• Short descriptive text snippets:
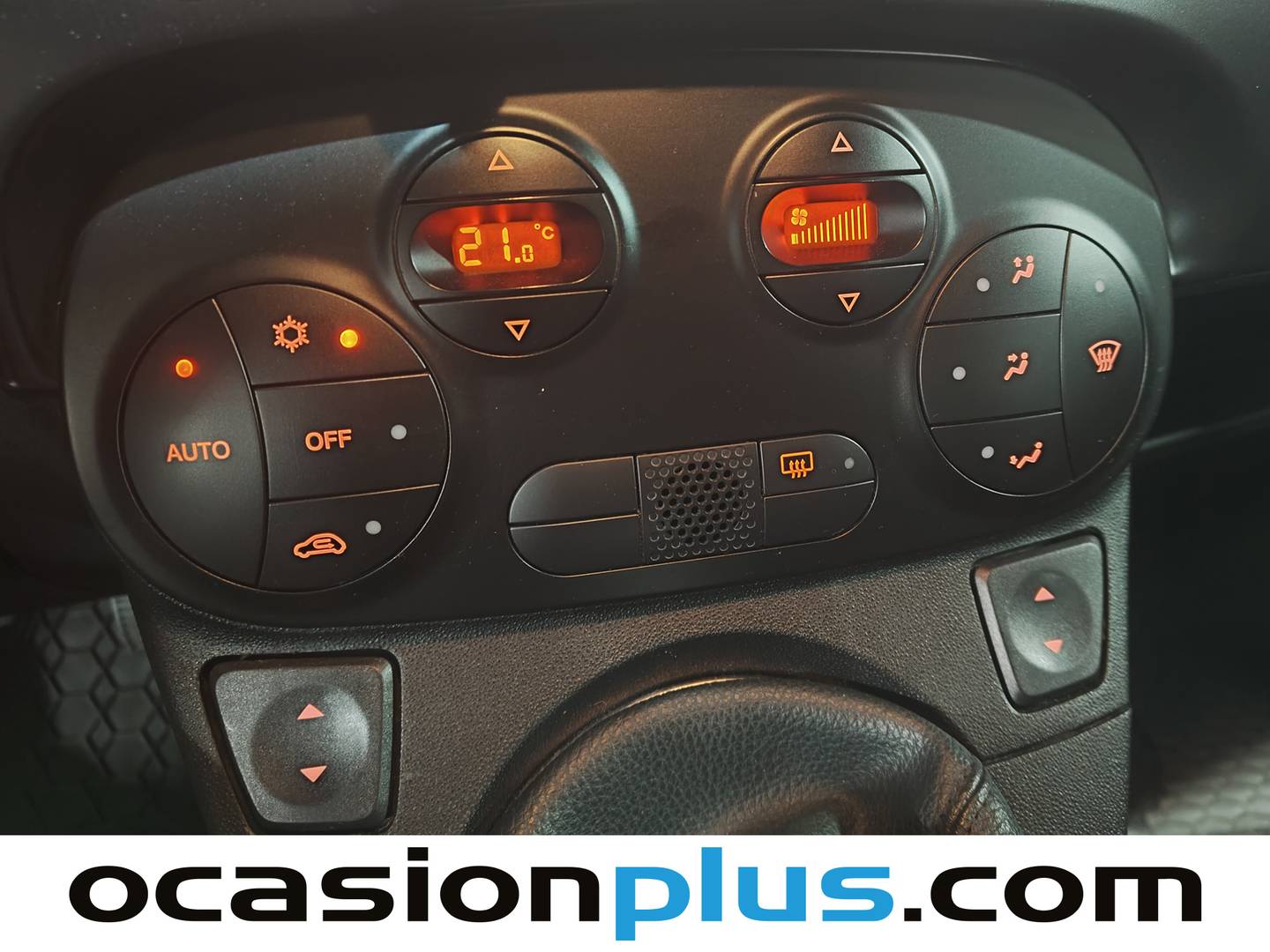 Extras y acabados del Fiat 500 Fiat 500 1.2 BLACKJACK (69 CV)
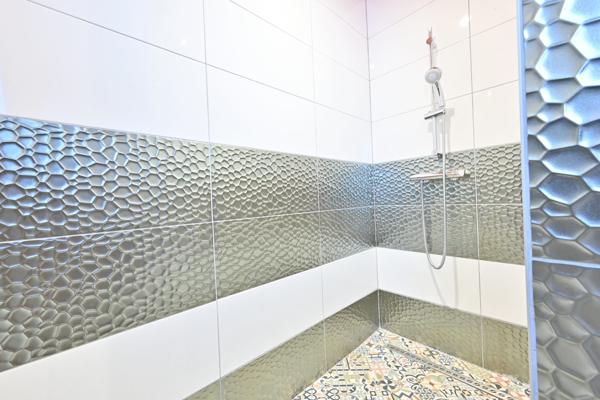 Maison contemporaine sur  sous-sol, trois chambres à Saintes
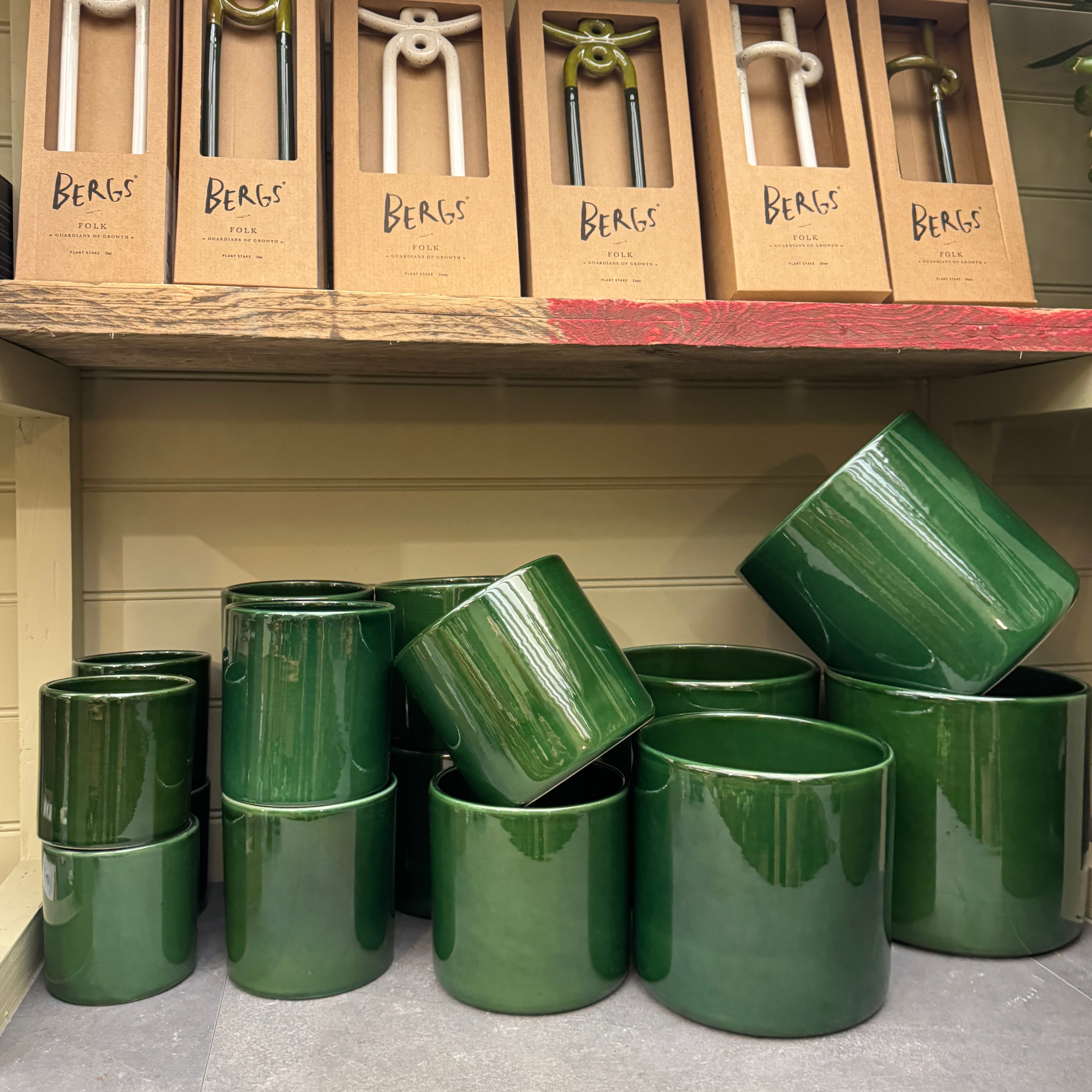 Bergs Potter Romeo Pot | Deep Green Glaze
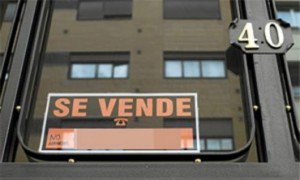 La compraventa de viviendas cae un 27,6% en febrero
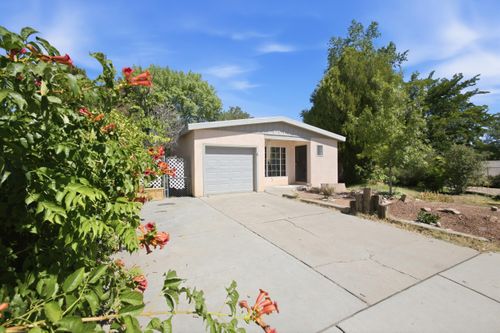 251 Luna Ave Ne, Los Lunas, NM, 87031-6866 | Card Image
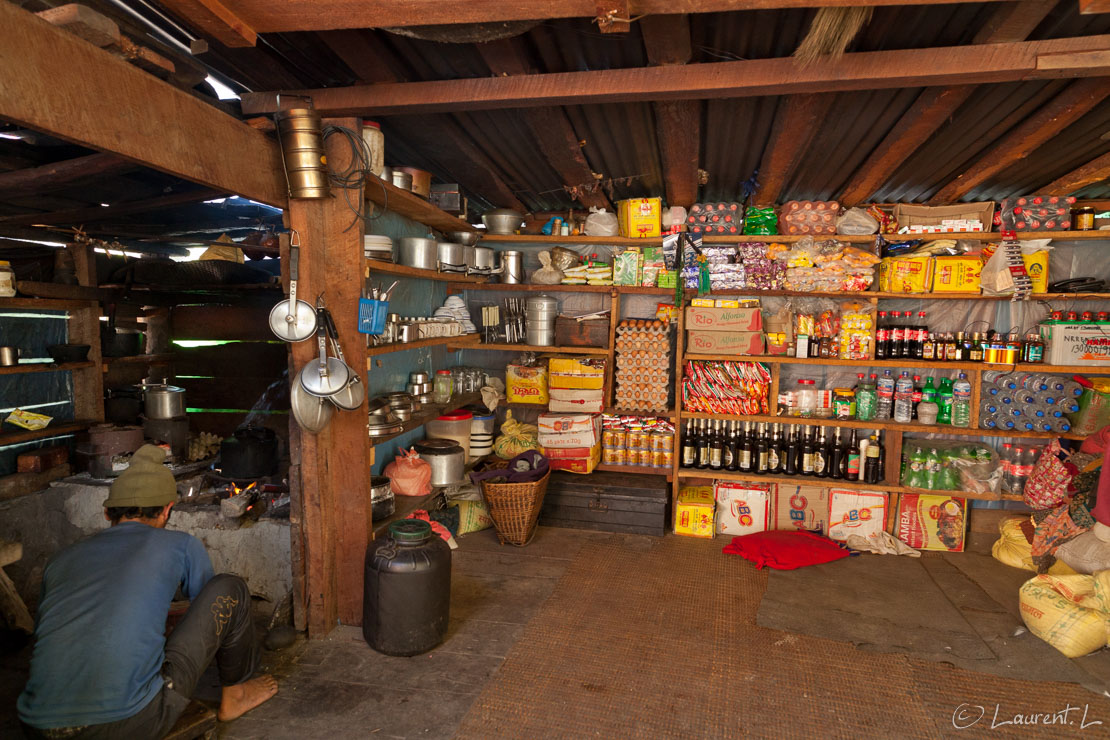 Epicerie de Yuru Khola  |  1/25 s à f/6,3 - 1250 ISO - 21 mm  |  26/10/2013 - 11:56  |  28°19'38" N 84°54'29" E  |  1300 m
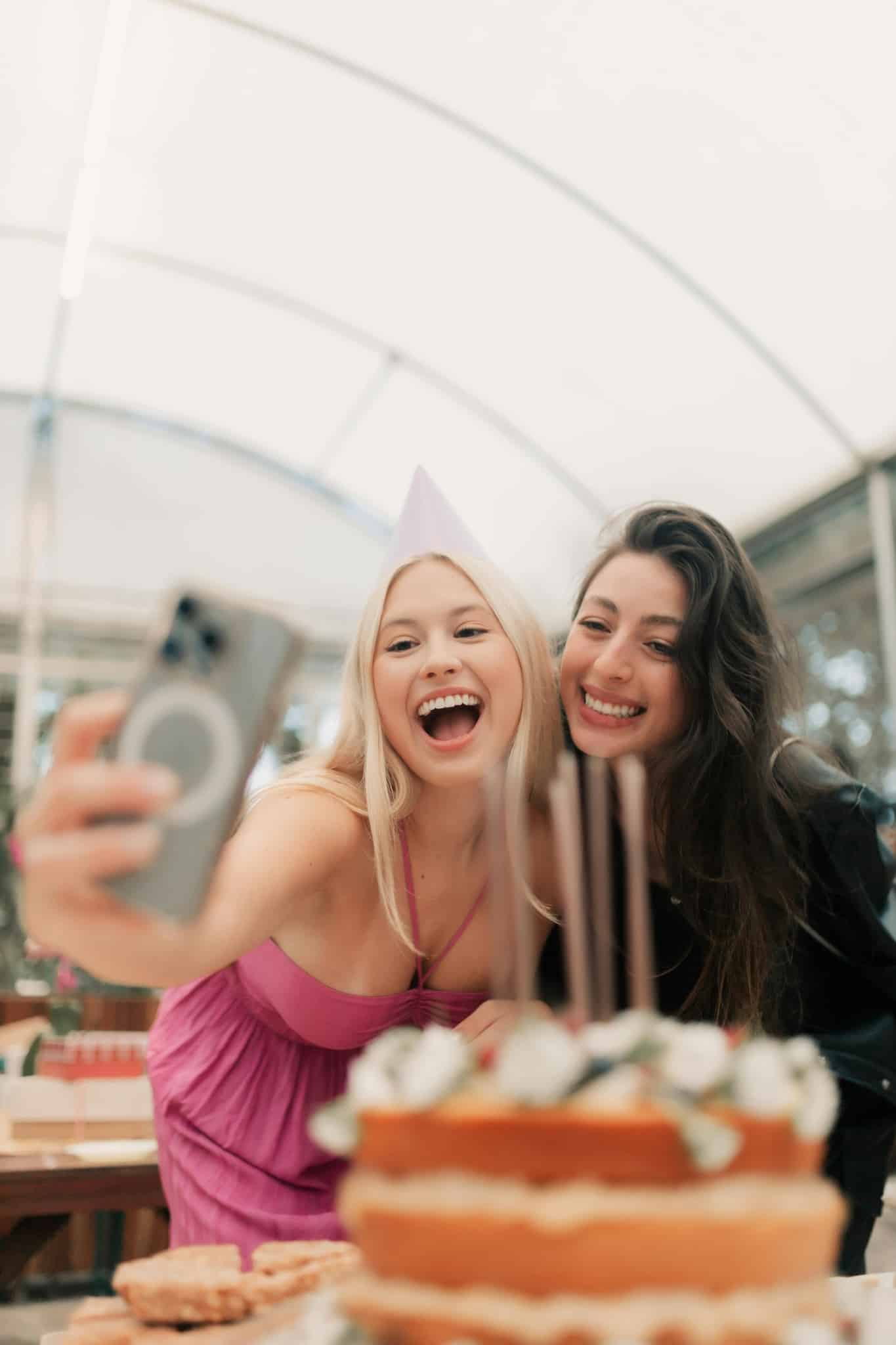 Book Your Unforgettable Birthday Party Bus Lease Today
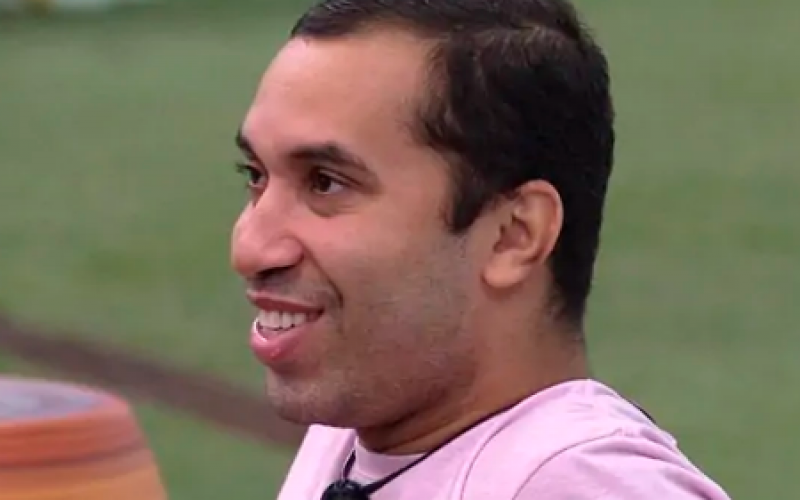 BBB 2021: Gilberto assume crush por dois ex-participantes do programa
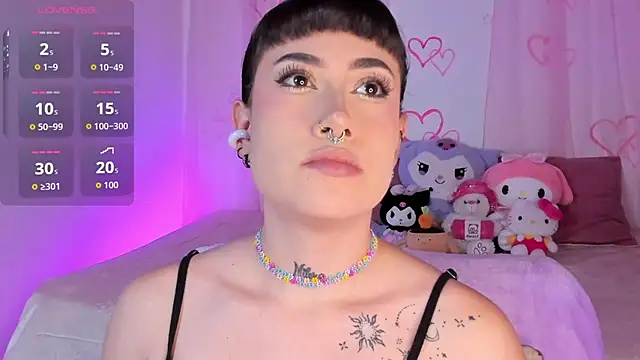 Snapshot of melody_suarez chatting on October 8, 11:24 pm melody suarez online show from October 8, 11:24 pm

• EXERCISE PROMPT:
Starting with the line that contains "BBB 2021: Gilberto" and ending with the last line of the data above, transcribe exactly those lines and no others, without pictures.

• PROBLEM SOLUTION:
 BBB 2021: Gilberto assume crush por dois ex-participantes do programa
 Snapshot of melody_suarez chatting on October 8, 11:24 pm melody suarez online show from October 8, 11:24 pm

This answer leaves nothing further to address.